Germany and Austria are typically credited being the first countries to adopt the DST system in 1916. However, it is a little known fact that it was actually a few hundred Canadians that started the trend first, in 1908. Residents of Port Arthur, Ontario (today’s Thunder Bay), started turning their clocks forward first.
The idea really caught on in 1916, 2 years into World War 1. Germany turned it into a global sensation and its ally, Austria started DST as a way to minimize the use of artificial light with the goal of saving fuel during the war.
Who invented Daylight Savings?
It has been argued as to who originally came up with the idea of Daylight Savings Time. Some people credit Benjamin Franklin after his essay titled “An Economical Project.” It has been documented, however, that British builder William Willet was the first to advocate for the time change.
Willet had initially suggested setting the clocks ahead 20 minutes on each of the four Sundays in April, then switching them back for the same amount of time on each of the four Sundays in September. That is a lot of switching and probably the reason this method was never adopted.
Why we do not observe Daylight Savings Time in Arizona?
It has been over 50 years since Arizonans moved their clocks forward and backward with the rest of the country. The biggest reason for the decision to have clocks stay put is because the state is hot! Having the clocks stick to their time means that the temperatures are more tolerable, especially at night.
In 1966, congress established the Uniform Time Act, which was signed into law by President Lyndon B. Johnson. The practice of Daylight Savings Time was federally declared across the entire United States. Arizona quickly asked and was granted an exemption, due to the extreme heat.
Other fun and quirky facts about Arizona
- The exception to Daylight Savings Time in Arizona is the Navajo Nation. Located in the northeastern part of the state, they do set their clocks with the rest of the United States in observation of DST.
- Arizona is the nation’s leader in copper production.
- The official state flower is the saguaro cactus blossom. It blooms on the tips of the saguaro cactus.
- The official state fossil is petrified wood. Just take a trip to the Petrified Forest in the northeastern part of the state to learn why.
- The official state tree is the Palo Verde tree.
- Keeping with the cactus theme, the official Arizona state bird is the cactus wren. As you might have guessed by its name, the cactus wren makes its nests and home within giant saguaro cacti.
- The official state gemstone is turquoise.
- The geographic center of Arizona is 55 miles southeast of Prescott.

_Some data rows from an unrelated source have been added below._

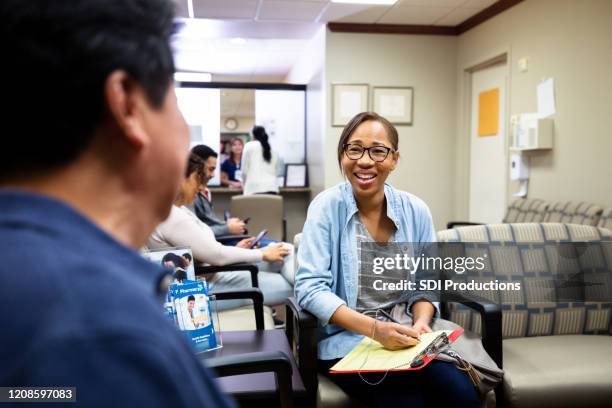 de medio volwassen vrouw en onherkenbare mensenbabbel in wachtkamer - patients in doctors waiting room stockfoto's en -beelden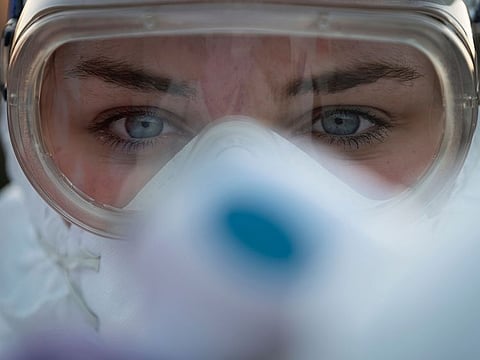A medical worker wears protective goggles as she prepares to measure motorists' body temperatures at the Slovenian-Italian border crossing near Nova Gorica, on March 11, 2020, after Slovenia's government announced it would close its border with Italy, hard hit by the outbreak of COVID-19, the new coronavirus.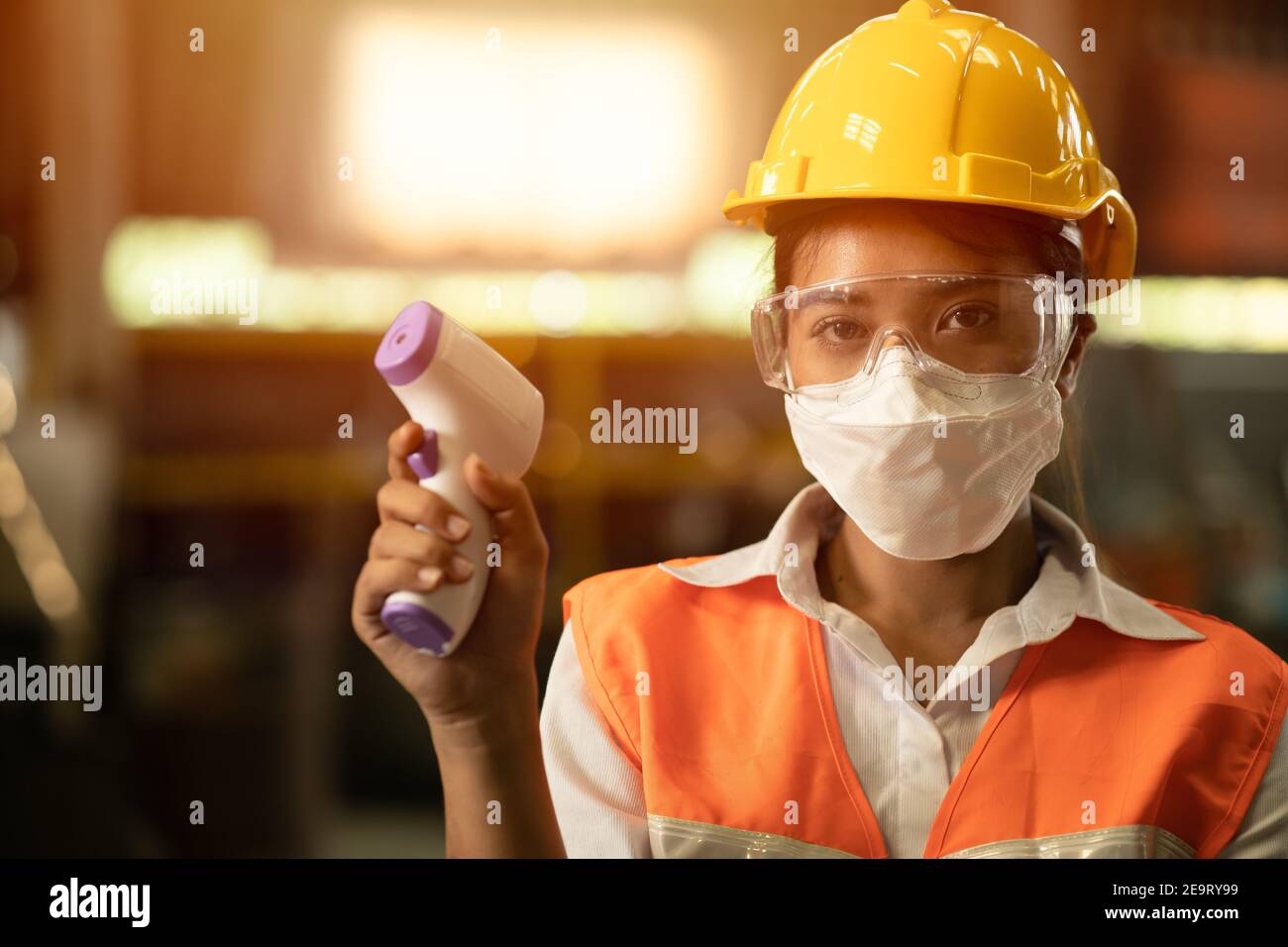 Industriearbeiterinnen tragen Gesichtsmaske und überprüfen die Körpertemperatur während der Coronavirus (COVID-19) Pandemie. Stockfoto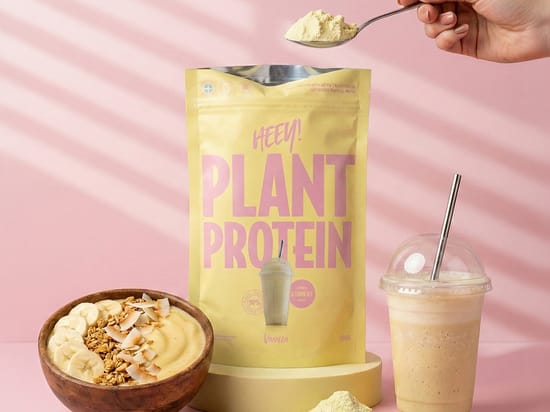 En gul pose Heey! Plant Protein med vaniljesmag står centralt på en gul sokkel mod en lyserød baggrund. Foran ses en skål med smoothie, bananskiver, granola og kokos samt et glas proteinshake, mens en hånd holder en ske med pulver over posen.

- Arizona is home to many natural wonders, including the Grand Canyon, Havasu Canyon, Grand Canyon Caves, Lake Powell/Rainbow Bridge, Petrified Forest/Painted Desert, Monument Valley, Sunset Crater, Meteor Crater, Sedona Oak Creek Canyon, Salt River Canyon, Superstition Mountains, Picacho Peak State Park, Saguaro National Park, Chiricahua National Monument, and the Colorado River.
- The official amphibian of Arizona is the tree frog.

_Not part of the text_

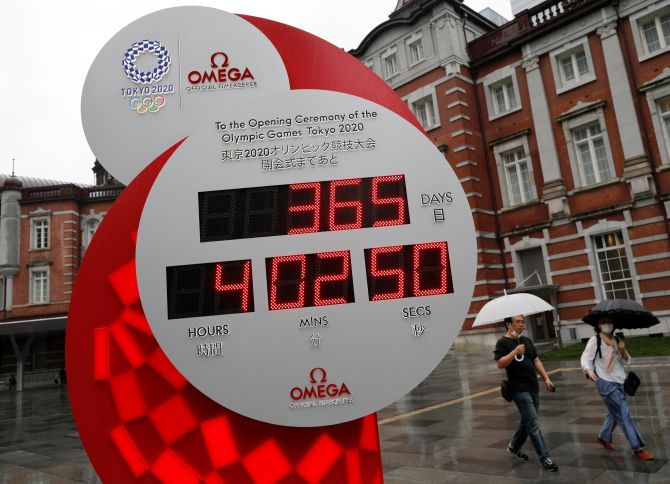 Passersby wearing protective face masks walk past a countdown clock for the Tokyo 2020 Olympic Games, on the day to mark the one-year countdown to the summer games that have been postponed to 2021 due to the coronavirus disease (COVID-19) outbreak, in Tokyo, on Thursday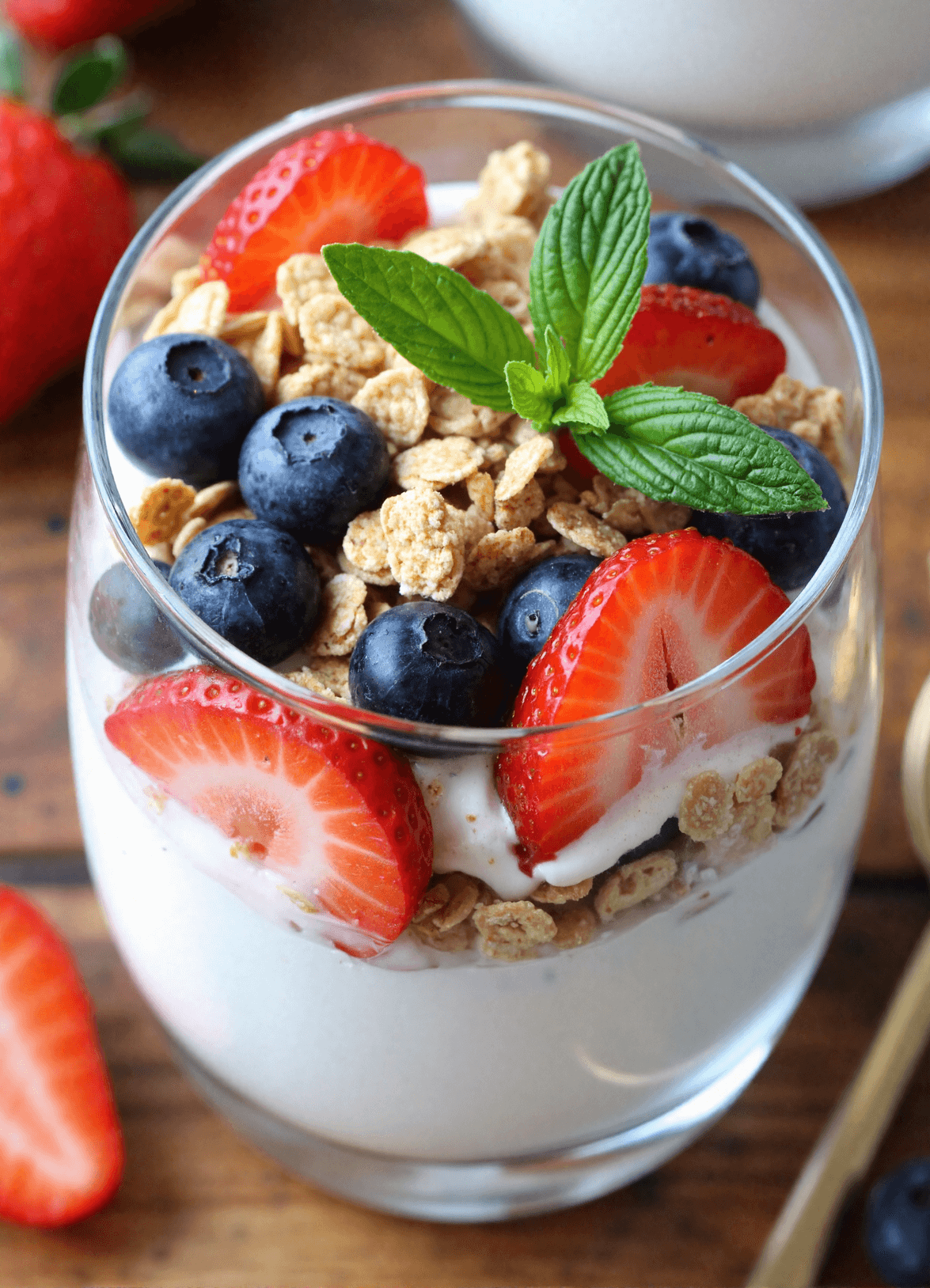 Layered high protein Greek yogurt parfait with blueberries, strawberries, granola, and honey drizzle in a tall glass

- The London Bridge located in Lake Havasu City was shipped stone by stone from London and reconstructed.
- Arizona’s official state colors are blue and gold.
- Arizona is part of the four corners. This is the only spot in the United States where you can stand in all four states at the same time (other states include Colorado, New Mexico, and Utah).
- The state is home to the largest area of land dedicated to the Native lands.
- Arizona became a state on February 14, 1912.
- Once upon a time, camels were used to transport goods across the state.